Quad Creek Quartzite - 3.25 Billion years old. The lighter rock with darker central igneous intrusion is the oldest rock in the USA. It was derived from the first solid rock that formed on Earth. It is located in a roadcut of US Highway 212 South of Red Lodge.
Quad Creek Quartzite - 3.25 Billion Years Old. The first silica-rich, solid Earth crust that formed during the cooling of the earth surface was further compressed and heated during initial supercontinent formation and redistribution to become incorporated into other metamorphic rock that formed the Beartooth plateau.
Rock Creek Valley. The drive West from Red Lodge to Cooke City on Hwy 212 (Beartooth Highway) gives numerous views of this glacier-carved valley in metamorphic rock.
Beartooth Plateau at dawn. This plateau and associated Beartooth Pass at 10,947 ft (3,337 m) was forced upward during the Laramide orogeny (70-80 million years ago - 70-80 MA) initiated by tectonic plate subduction as what is now the western continent of North America was growing. Overlying layers were eroded by water, wind and, most notably, by glacier activity (1.5 MA) down to Precambrian rock. This plateau continues to rise as it is eroded due to the Yellowstone hot spot.
The beartooth was carved out of granitic gneiss by glacier activity.
Shedding mountain goats on the Beartooth Plateau. Mountain goats are not native and were introduced into the Absaroka and Madison Mountains in the 1940's and 1950's.
Lighter colored pegmatite, a quartz-rich igneous rock, sits on granitic gneiss a metamorphic rock which forms most of the Precambrian rock surface (>540 MA) at Beartooth Pass and Plateau.

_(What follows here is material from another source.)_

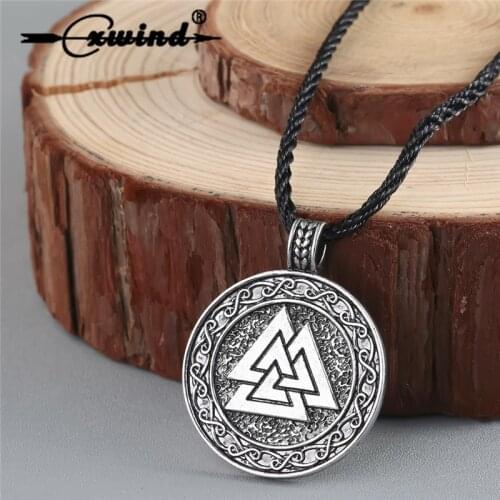 Cxwind Retro The Valknut Viking Necklace Pendant Scandinavian Norse Vikings Symbol Charms Knot Cross Necklaces Talisman Jewelry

Pilot Peak (center) and Index Peak (right) are glacier-carved peaks of volcanic strata from Absaroka Volcanic activity that occurred 53 to 43.7 MA. The Absaroka stratovolcanoes eroded and these peaks are eroded remains of Trout peak and Wapiti lava flows of andesite (lava of intermediate silica content). The off white to light green line below the base of the peaks is the Pilgrim formation of limestone and shale from the late Cambrian period (550 Ma).
Closer view of Pilot Peak in the center. Igneouw dikes that resist erosion form vertical bands in the mountain.
Layers of eroded andesitic deposits and brecca from the Absaroka Volcanic Supergroup are at the base of Pilot Peak.
Hurricane Mesa and other volcanic-origin mountains in the foreground in the Absaroka mountains lie above the lighter band of Pilgrim Formation limestone.
Beartooth Lake and Beartooth Butte. Residual sedimentary layers from the Paleozoic Era (Cambrian through Devonian, 550-350 MA) escaped glacier erosion and represent deposits laid down during periods of rising and fall seas in the Western Interior Seaway. There is a mixture of limestone, shale, sandstone and dolomite.
Detail of sedimentary layers in Beartooth Butte.
Republic Mountain above Cooke City, Montana with partially eroded Absaroka volcanic rock and conglomerate above Pilgrim limestone. Gold was discovered in Cooke City in 1870 while the area was still part of the Crow reservation. After relocating Crow to exploit mineral deposits of gold, silver, copper and lead, extensive mining occurred between the late 1800's and 1930.
Lulu pass above Cooke City. Igneous intrustion protrude through limestone formations. Acid fluids and magma interact with limestone which buffers the acid and metals are precipitated leaving deposits of gold, sliver, copper, lead and zinc at the interface.
Lulu Pass Contact Mine Ruins and machinery. The mine was active from 1910's through 1925. Pyritic gold ore removed from the volcanic mountain above was processed and shipped to Cooke City. Limestone and dolomite rocks are in the stream beds.